Pensemos (...) numa afirmação como “Nenhum objeto pode viajar mais depressa do que a luz”. As afirmações das ciências empíricas são afirmações do género desta: afirmações que se referem ao mundo que podemos observar pelos sentidos ou que podemos inferir a partir de observações e medições complicadas realizadas com instrumentos como um espectrómetro ou um radiotelescópio. Mas por mais que façamos medições e observações não iremos descobrir se os animais têm direitos, nem se Deus existe, nem se há números.
Ao contrário da física e da biologia, a filosofia não tem um carácter empírico; é um estudo conceptual. Neste aspeto, a filosofia é mais parecida com a matemática, que também não é uma disciplina empírica. Mas a filosofia distingue-se da matemática por várias razões. Em primeiro lugar, não dispõe de métodos formais de demonstração, como a matemática; em segundo lugar, não se ocupa do tipo de problemas de que se ocupa a matemática. Mas de que tipo de problemas se ocupa afinal a filosofia?
(…) O que distingue os problemas da filosofia dos problemas da ciência é o seu carácter conceptual, a sua generalidade e a inexistência de fronteiras precisas. Os problemas da matemática são também bastante gerais e em grande medida conceptuais — mas têm fronteiras muito precisas. Não se pode determinar matematicamente se os animais têm direitos; não se pode determinar matematicamente se Deus existe — e nem sequer se pode determinar matematicamente se os números existem independentemente de nós. Qualquer problema com suficiente generalidade, de carácter conceptual e para a solução do qual não exista qualquer ciência pode ser um problema filosófico. Os problemas da matemática têm fronteiras muito claras: têm de poder ser resolvidos pelos métodos formais da matemática. Em filosofia, pelo contrário, não há métodos formais para resolver problemas.
(…) Uma das características da filosofia é o facto de não ser uma investigação empírica, como já sublinhei; para saber se os animais têm direitos ou se Deus existe, não tenho de fazer trabalho científico de campo, não tenho de fazer experiências em laboratórios, nem tenho de elaborar inquéritos, nem tenho de fazer estatísticas; limito-me a pensar. Posso ter de usar dados empíricos fornecidos pelas ciências; mas não compete à filosofia fazer o levantamento desses dados.
                                                              Desidério Murcho, O que é a Filosofia?, in Crítica


Questões 2

1. Explique, partir do texto, em que consiste o caráter conceptual da filosofia.
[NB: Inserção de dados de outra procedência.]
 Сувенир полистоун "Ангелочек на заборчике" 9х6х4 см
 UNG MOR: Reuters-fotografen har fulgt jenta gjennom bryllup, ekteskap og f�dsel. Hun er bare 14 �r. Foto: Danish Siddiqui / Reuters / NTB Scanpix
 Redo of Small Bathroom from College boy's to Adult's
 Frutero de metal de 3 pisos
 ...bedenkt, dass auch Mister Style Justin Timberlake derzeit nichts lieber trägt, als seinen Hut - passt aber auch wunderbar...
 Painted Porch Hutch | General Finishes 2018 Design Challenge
2. A partir do texto, distinga os problemas da filosofia dos problemas da matemática.





    Texto 3 - As questões da filosofia



A filosofia é diferente da ciência e da matemática. Ao contrário da ciência, não assenta em experimentações nem na observação, mas apenas no pensamento. E ao contrário da matemática não tem métodos formais de prova. A filosofia faz-se colocando questões, argumentando, ensaiando ideias e pensando em argumentos possíveis contra elas, e procurando saber como funcionam realmente os nossos conceitos.
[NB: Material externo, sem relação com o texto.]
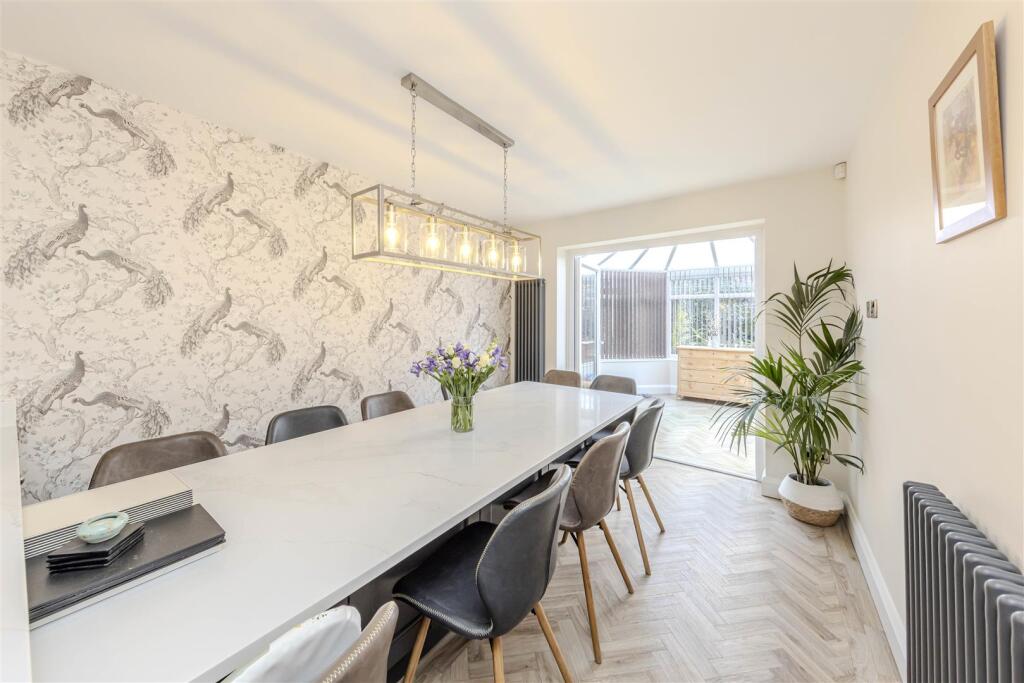 Kitchen Diner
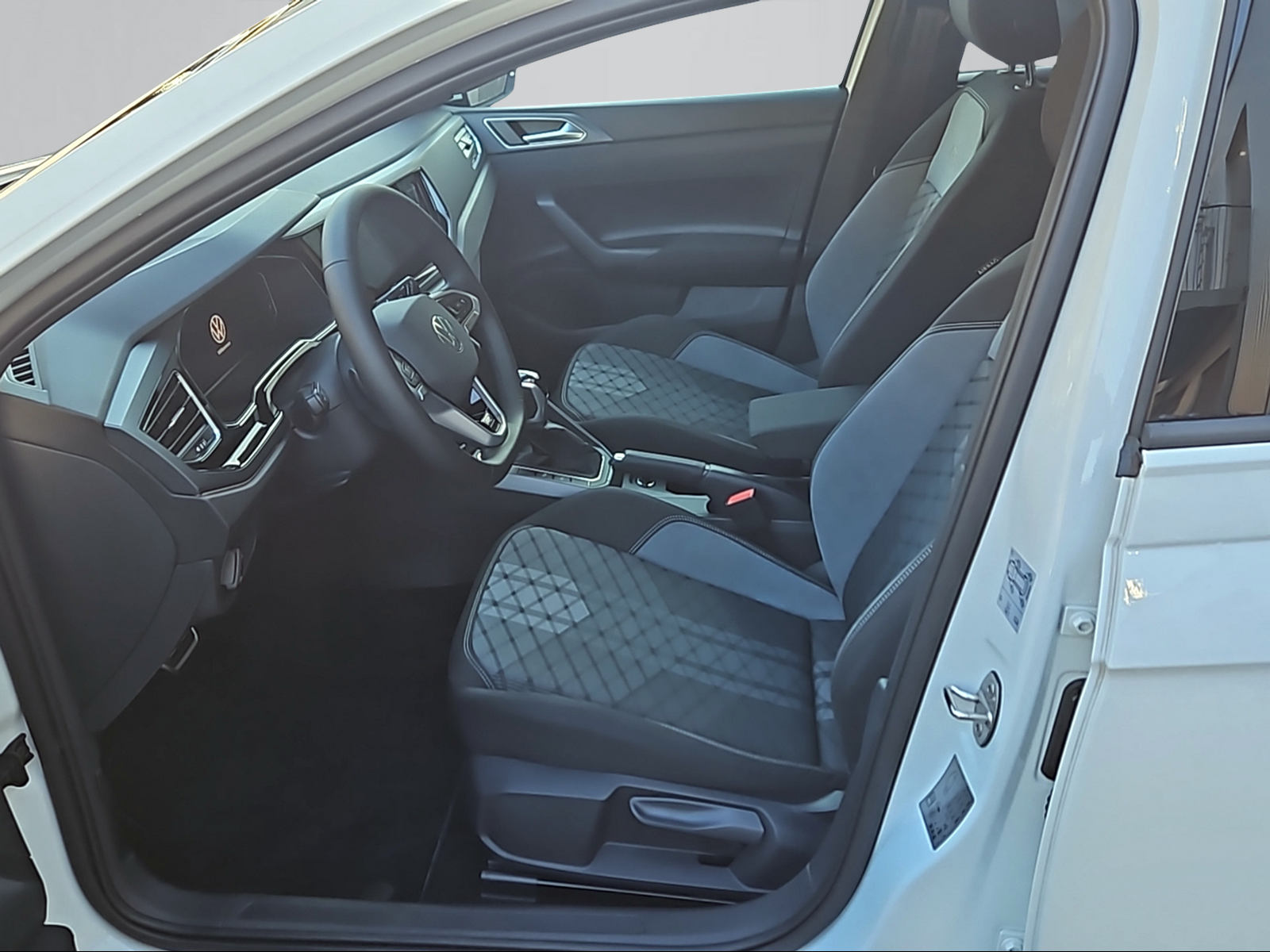 VW Polo 1.0 TSI R-Line DSG-image-7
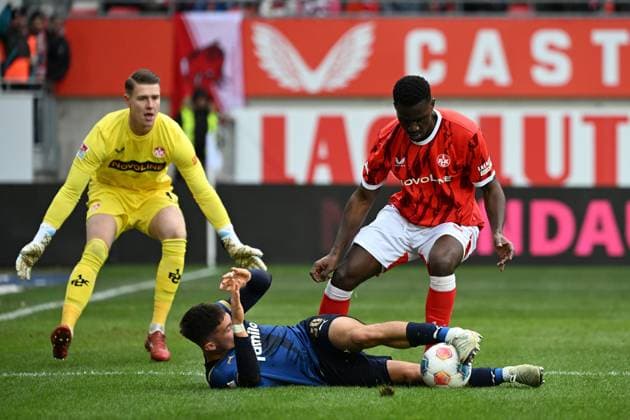 23 11 2025, xjhx, Soccer 2 Bundesliga, 1 FC Kaiserslautern Holstein Kiel v l Foul by Maxwell Gyamfi 1 FC Kaiserslautern on Adrian Kapralik Holstein Kiel DFL DFB REGULATIONS PROHIBIT ANY USE OF PHOTOGRAPHS as IMAGE SEQUENCES and or QUASI VIDEO Kaiserslautern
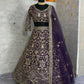 Sehen Sie umwerfend aus in diesem wunderschönen cremefarbenen Lehenga-Set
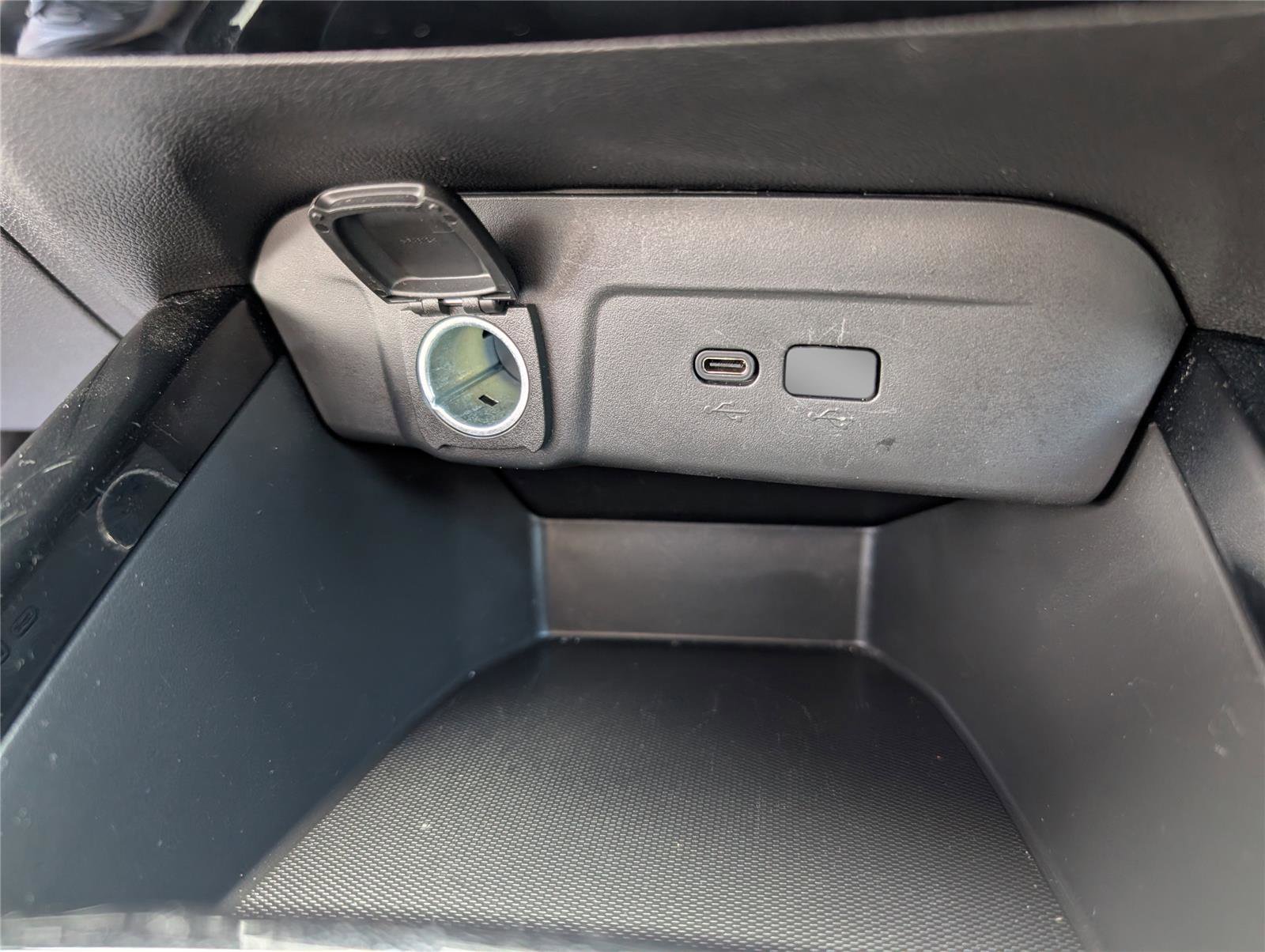 Used 2025 Chevrolet Trax LT image 17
A preocupação fundamental da filosofia é questionar e compreender ideias muito comuns que usamos todos os dias sem pensar nelas. Um historiador pode perguntar o que aconteceu em determinado momento do passado, mas um filósofo perguntará: “O que é o tempo?” Um matemático pode investigar as relações entre os números, mas um filósofo perguntará: “o que é um número?” Um físico perguntará o que constitui os átomos ou o que explica a gravidade, mas um filósofo irá perguntar como podemos saber que existe qualquer coisa fora das nossas mentes. Um psicólogo pode investigar como as crianças aprendem uma linguagem, mas um filósofo perguntará: “Que faz uma palavra significar qualquer coisa?” Qualquer pessoa pode perguntar se entrar num cinema sem pagar está errado, mas um filósofo perguntará: “O que torna uma ação boa ou má?”
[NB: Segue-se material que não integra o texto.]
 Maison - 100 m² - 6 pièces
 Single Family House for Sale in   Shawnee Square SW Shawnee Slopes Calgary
Não poderíamos viver sem tomar como garantidas as ideias de tempo, número, conhecimento, linguagem, bem e mal, a maior parte do tempo; mas em filosofia investigamos essas mesmas coisas. O objetivo é levar o conhecimento do mundo e de nós um pouco mais longe. É óbvio que não é fácil. Quanto mais básicas são as ideias que tentamos investigar, menos instrumentos temos para nos ajudar. Não há muitas coisas que possamos assumir como verdadeiras ou tomar como garantidas. Por isso, a filosofia é uma atividade de certa forma vertiginosa, e poucos dos seus resultados ficam por desafiar por muito tempo.

                                                            Thomas Nagel, O que quer dizer tudo isto?



       O que é a filosofia - caracterização


  A filosofia é uma atividade crítica que examina as crenças básicas recorrendo fundamentalmente ao pensamento. O filósofo formula problemas (conceptuais) e responde com teorias defendidas por argumentos.
  Os problemas filosóficos não são empíricos não se resolvem com base na observação e na experiência, mas resolvem-se recorrendo apenas ao pensamento (tal como os problemas da matemática e ao contrário da ciência).
   A filosofia é um estudo conceptual e a priori, mas não ignora os resultados das ciências empíricas.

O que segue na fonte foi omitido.